I understand that breach of a threshold must be reported; however, is the background information as written in the MAG true, where breaching of an objective must also be reported? For example, in terms of schedule (objective would be the threshold plus 6 months), and the objective will end up stretching another 6 months. Is there any higher authority that states that we are to submit deviations based on foreseeing breaching an objective?
To understand the Marine Corps Systems Command Acquisition Guidebook (MAG) paragraph, one must first recognize that cost objectives and schedule objectives are values that are less than the threshold values. For example, a program with a schedule threshold of 12 months would have an objective schedule value that is less than 12 months. The paragraph as written does not require reporting for deviations of an objective value. The paragraph is defining the threshold values using the default definition for Threshold for each parameter. For example, the Objective for schedule is date x, the default threshold for the schedule is date x plus 6 months. If one choses to define the schedule threshold date first, then the threshold is date x and the default Objective would be date x minus 6 months.

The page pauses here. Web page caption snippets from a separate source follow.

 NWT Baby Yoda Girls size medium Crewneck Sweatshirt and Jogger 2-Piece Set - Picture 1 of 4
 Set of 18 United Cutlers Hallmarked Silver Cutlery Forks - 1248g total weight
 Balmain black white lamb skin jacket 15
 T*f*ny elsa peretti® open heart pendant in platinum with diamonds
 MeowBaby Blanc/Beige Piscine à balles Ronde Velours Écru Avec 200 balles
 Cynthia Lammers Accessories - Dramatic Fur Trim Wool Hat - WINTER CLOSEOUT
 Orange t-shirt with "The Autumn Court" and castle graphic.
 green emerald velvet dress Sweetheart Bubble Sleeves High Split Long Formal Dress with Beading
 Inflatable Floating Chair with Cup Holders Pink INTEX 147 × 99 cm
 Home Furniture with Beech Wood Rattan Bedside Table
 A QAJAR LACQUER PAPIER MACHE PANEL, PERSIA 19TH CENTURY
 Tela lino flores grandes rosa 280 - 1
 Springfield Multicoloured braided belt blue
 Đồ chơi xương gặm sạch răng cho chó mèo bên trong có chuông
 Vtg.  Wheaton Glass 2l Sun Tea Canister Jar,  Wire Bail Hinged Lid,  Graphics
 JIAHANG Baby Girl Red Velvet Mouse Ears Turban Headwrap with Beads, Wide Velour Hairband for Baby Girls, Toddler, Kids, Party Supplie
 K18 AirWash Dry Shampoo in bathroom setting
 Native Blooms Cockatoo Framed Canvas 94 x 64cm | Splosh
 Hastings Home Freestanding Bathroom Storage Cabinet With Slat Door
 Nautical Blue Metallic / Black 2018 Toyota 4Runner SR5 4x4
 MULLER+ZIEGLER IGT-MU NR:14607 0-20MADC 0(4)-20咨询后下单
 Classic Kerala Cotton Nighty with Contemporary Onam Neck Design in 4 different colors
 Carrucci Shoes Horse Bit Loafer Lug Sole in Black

With that understood, yes – there is a higher authority to which to immediately report a breach after it has occurred. In defense acquisition, there are statutory and regulatory requirements defense acquisition professionals must follow. Regulatory authorities are Department and/or Service-specific requirements. Statutory authorities are required congressionally by law, such as the Nunn-McCurdy Act, which was an amendment to Title 10 introduced by Senator Sam Nunn and Congressman Dave McCurdy in the National Defense Authorization Act (NDAA) for Fiscal Year (FY) 1982. This amendment requires that Acquisition Category I (ACAT I) program managers maintain current estimates of Program Acquisition Unit Cost (PAUC) and Average Procurement Unit Cost (APUC). If the PAUC or APUC increases by 25 percent or more over the current Acquisition Program Baseline (APB) objective, or 50 percent or more over the original APB objective, the program must be terminated unless the Secretary of Defense (SECDEF) certifies to Congress that the program is essential to national security. This is stated in the DAU glossary here: DAU Glossary Nunn McCurdy
There are three statutory program breach definitions program managers must know and follow. They are listed in the DAU Adaptive Acquisition Framework Document Identification (AAFDID) here: Statutory Program Breach Definitions. The approved Acquisition Program Baseline (ABP) represents the formal commitment to the Milestone Decision Authority (MDA) and any deviations will be immediately reported if the deviations are 6 months or more beyond the Objective schedule or an Objective cost that has grown by 10 percent or more.